→ **Directions for this task**: Only the lines from the line holding "Yunomine Onsen, Kii-Tanabe, Japan" through the final line of the entries below are to be returned, exactly as they stand.
*** Task data ***
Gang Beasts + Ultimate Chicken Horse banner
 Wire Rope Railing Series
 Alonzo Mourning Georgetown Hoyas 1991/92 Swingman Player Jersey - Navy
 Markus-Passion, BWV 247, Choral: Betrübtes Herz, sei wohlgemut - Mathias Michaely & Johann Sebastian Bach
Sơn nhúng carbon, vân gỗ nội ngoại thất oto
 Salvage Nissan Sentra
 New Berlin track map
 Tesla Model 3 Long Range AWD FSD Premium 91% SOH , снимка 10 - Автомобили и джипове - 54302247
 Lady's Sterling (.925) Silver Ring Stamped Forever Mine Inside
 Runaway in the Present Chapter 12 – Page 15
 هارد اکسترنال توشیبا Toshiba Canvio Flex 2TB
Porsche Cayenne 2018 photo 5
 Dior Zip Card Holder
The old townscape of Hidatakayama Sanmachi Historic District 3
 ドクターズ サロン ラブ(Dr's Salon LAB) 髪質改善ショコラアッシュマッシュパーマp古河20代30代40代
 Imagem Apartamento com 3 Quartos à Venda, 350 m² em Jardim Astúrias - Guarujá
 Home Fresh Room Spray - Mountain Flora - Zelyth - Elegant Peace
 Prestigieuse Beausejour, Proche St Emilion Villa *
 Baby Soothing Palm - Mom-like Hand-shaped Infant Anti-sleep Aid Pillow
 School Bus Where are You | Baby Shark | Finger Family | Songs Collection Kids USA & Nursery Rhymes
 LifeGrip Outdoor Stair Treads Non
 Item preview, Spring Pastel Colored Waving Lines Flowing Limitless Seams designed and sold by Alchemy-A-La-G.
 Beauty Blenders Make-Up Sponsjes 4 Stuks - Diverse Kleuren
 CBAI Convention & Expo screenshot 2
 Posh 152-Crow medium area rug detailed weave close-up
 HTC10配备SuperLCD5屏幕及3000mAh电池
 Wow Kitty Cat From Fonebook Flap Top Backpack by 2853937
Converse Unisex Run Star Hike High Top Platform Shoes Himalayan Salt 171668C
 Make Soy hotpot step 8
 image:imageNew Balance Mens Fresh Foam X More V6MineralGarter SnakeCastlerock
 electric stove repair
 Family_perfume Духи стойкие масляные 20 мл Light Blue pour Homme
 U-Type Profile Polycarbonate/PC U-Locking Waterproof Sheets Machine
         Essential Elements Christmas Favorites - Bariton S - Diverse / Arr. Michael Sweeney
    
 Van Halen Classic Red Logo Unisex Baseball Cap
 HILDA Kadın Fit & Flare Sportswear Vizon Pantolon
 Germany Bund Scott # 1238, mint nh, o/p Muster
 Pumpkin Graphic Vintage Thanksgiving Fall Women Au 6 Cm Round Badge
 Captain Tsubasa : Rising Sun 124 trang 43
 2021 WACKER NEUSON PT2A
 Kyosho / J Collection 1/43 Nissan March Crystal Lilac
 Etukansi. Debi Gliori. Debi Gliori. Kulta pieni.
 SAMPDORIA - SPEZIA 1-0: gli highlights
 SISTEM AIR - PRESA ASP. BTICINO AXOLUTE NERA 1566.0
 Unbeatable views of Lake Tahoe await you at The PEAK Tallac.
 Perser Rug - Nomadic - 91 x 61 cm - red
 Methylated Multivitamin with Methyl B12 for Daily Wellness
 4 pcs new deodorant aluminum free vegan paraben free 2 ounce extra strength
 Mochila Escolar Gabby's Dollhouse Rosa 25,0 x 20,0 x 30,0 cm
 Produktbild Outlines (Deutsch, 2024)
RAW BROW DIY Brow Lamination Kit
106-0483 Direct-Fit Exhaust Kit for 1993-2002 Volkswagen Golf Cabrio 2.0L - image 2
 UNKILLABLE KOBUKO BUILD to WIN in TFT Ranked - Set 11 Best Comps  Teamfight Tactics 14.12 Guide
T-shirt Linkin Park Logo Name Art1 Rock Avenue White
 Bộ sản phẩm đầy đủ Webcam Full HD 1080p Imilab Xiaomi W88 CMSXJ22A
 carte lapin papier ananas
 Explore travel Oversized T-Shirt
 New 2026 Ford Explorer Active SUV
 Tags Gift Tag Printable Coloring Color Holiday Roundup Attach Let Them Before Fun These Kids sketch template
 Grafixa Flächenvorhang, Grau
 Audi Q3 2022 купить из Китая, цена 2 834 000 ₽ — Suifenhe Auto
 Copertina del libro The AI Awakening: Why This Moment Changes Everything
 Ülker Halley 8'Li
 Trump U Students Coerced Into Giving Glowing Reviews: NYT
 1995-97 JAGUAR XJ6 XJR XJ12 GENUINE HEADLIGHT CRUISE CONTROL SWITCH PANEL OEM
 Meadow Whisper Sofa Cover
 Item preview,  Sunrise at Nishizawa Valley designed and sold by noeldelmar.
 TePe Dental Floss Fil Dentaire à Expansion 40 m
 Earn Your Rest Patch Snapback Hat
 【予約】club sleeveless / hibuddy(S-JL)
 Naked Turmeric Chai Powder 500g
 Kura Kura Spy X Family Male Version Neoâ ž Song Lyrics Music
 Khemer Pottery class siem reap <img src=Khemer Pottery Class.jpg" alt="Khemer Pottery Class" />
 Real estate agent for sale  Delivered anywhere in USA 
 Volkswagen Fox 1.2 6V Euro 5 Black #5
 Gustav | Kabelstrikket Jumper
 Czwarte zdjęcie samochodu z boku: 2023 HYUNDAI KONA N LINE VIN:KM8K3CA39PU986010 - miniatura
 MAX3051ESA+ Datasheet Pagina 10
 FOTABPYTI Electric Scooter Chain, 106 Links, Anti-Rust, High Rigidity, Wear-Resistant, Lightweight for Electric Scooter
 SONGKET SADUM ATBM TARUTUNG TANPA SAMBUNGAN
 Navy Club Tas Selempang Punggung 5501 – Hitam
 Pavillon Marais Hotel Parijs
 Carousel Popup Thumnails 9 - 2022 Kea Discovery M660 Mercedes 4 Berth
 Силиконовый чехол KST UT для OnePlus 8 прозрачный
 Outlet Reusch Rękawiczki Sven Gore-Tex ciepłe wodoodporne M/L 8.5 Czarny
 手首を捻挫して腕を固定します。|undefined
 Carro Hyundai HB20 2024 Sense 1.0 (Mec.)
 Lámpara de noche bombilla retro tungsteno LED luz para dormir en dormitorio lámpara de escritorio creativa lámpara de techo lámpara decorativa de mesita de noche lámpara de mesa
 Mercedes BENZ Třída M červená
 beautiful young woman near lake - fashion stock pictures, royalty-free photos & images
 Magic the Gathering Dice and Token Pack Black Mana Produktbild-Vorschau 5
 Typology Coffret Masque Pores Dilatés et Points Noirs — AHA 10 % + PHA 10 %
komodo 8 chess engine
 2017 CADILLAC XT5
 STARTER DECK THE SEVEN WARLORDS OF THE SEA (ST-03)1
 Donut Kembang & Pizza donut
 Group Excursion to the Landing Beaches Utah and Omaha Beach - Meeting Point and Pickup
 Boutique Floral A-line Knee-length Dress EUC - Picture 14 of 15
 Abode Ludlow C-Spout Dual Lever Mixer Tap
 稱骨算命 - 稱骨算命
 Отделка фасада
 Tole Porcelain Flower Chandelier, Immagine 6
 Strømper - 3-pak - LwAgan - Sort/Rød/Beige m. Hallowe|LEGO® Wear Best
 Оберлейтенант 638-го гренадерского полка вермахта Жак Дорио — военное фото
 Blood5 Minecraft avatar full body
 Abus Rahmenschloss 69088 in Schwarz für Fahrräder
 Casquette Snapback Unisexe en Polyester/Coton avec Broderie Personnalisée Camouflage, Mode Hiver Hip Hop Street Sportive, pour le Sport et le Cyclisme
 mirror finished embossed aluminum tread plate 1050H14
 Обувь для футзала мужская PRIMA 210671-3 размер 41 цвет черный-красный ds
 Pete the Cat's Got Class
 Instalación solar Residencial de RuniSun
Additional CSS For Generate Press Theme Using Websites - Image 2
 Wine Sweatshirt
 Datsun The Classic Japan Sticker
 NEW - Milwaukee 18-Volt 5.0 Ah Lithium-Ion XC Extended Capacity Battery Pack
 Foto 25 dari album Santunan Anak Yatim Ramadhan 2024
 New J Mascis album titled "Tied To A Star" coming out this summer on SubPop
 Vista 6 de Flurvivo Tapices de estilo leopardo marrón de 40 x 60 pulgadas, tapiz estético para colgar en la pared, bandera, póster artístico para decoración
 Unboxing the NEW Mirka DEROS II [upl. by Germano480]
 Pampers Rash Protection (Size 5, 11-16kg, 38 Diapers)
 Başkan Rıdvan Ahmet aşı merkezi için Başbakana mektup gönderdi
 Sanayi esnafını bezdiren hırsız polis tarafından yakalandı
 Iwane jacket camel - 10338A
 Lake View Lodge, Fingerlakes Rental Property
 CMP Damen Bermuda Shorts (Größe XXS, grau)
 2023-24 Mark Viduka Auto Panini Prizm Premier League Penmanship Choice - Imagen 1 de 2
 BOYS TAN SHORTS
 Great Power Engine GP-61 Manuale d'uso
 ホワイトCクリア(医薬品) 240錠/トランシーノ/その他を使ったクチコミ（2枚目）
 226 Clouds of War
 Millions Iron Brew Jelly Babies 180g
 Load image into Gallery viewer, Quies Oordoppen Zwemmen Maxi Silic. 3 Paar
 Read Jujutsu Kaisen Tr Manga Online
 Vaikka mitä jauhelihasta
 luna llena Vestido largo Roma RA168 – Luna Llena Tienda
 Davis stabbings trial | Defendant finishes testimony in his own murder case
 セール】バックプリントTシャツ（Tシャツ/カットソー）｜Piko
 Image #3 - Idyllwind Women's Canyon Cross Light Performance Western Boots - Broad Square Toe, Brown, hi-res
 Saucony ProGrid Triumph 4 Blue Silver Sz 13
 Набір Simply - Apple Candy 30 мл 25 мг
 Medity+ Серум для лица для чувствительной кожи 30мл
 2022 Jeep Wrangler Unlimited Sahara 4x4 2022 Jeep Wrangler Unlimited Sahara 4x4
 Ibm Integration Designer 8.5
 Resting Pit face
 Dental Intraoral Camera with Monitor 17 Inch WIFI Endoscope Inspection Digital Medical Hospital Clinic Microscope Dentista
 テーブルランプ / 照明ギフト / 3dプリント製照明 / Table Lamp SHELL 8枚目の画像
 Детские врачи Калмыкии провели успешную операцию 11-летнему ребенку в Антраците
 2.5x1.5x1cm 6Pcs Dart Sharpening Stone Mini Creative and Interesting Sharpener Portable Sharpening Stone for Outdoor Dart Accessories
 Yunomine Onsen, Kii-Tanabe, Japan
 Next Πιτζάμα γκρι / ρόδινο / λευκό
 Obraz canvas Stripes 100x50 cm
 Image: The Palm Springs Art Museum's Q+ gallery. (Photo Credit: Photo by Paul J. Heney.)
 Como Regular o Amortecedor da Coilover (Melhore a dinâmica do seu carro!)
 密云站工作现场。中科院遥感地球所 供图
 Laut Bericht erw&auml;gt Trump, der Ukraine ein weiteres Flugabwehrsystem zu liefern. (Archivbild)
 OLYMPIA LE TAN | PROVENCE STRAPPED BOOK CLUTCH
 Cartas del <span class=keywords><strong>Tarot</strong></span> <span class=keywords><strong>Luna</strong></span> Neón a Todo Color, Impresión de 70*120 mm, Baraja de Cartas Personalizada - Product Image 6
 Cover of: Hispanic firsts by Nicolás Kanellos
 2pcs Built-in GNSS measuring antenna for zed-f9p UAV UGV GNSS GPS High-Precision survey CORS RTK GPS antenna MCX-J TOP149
***
→ **Response to this task**:
 Yunomine Onsen, Kii-Tanabe, Japan
 Next Πιτζάμα γκρι / ρόδινο / λευκό
 Obraz canvas Stripes 100x50 cm
 Image: The Palm Springs Art Museum's Q+ gallery. (Photo Credit: Photo by Paul J. Heney.)
 Como Regular o Amortecedor da Coilover (Melhore a dinâmica do seu carro!)
 密云站工作现场。中科院遥感地球所 供图
 Laut Bericht erw&auml;gt Trump, der Ukraine ein weiteres Flugabwehrsystem zu liefern. (Archivbild)
 OLYMPIA LE TAN | PROVENCE STRAPPED BOOK CLUTCH
 Cartas del <span class=keywords><strong>Tarot</strong></span> <span class=keywords><strong>Luna</strong></span> Neón a Todo Color, Impresión de 70*120 mm, Baraja de Cartas Personalizada - Product Image 6
 Cover of: Hispanic firsts by Nicolás Kanellos
 2pcs Built-in GNSS measuring antenna for zed-f9p UAV UGV GNSS GPS High-Precision survey CORS RTK GPS antenna MCX-J TOP149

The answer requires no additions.